WHAT YOU ARE ASKED TO DO »
Below is some data. Retype exactly the lines starting at the one with "Anais - Fawn" and ending at the one with "Pink rose bud. Unopened rose in the garden".

Extracted data entries
╔══

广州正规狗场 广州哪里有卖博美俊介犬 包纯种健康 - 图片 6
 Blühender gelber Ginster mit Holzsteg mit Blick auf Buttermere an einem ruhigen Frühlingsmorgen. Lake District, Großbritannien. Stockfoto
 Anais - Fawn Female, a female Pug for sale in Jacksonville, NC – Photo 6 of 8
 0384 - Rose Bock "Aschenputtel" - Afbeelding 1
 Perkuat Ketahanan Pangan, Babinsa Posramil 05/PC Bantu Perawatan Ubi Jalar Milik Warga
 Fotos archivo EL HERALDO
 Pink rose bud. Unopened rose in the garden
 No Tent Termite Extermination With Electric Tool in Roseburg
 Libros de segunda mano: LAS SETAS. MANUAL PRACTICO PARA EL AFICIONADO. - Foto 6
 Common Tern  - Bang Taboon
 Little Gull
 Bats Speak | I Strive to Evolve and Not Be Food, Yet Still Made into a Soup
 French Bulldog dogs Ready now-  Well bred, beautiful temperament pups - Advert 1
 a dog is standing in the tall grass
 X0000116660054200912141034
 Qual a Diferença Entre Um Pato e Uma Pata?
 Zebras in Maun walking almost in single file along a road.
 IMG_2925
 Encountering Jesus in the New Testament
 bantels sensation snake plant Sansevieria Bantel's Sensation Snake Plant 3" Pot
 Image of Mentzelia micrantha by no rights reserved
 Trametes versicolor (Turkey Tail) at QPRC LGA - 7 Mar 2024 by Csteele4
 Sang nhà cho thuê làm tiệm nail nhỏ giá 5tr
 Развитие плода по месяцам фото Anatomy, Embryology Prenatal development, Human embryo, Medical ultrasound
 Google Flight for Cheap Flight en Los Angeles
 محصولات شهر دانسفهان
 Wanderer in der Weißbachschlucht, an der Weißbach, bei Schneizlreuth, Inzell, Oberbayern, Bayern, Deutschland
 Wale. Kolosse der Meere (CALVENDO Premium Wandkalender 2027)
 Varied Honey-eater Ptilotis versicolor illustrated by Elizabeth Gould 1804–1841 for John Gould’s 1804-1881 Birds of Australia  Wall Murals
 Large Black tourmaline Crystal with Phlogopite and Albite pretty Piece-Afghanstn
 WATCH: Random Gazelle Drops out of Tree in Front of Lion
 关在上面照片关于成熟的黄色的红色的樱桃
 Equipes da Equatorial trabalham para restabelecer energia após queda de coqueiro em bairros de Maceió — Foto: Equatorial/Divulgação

╚══

ANSWER SECTION »
 Anais - Fawn Female, a female Pug for sale in Jacksonville, NC – Photo 6 of 8
 0384 - Rose Bock "Aschenputtel" - Afbeelding 1
 Perkuat Ketahanan Pangan, Babinsa Posramil 05/PC Bantu Perawatan Ubi Jalar Milik Warga
 Fotos archivo EL HERALDO
 Pink rose bud. Unopened rose in the garden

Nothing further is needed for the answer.